>>>>>

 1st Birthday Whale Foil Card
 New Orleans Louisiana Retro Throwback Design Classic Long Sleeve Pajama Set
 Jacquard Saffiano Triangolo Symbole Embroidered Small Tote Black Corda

<<<<<
>>>>>

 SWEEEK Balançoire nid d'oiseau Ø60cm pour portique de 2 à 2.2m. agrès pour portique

<<<<<

YOUR GOAL: From the records above, transcribe without alteration every line from the one with "1st Birthday Whale Foil Card" to the one with "Jacquard Saffiano Triangolo", inclusive.

ANSWER TO THE PROBLEM:
 1st Birthday Whale Foil Card
 New Orleans Louisiana Retro Throwback Design Classic Long Sleeve Pajama Set
 Jacquard Saffiano Triangolo Symbole Embroidered Small Tote Black Corda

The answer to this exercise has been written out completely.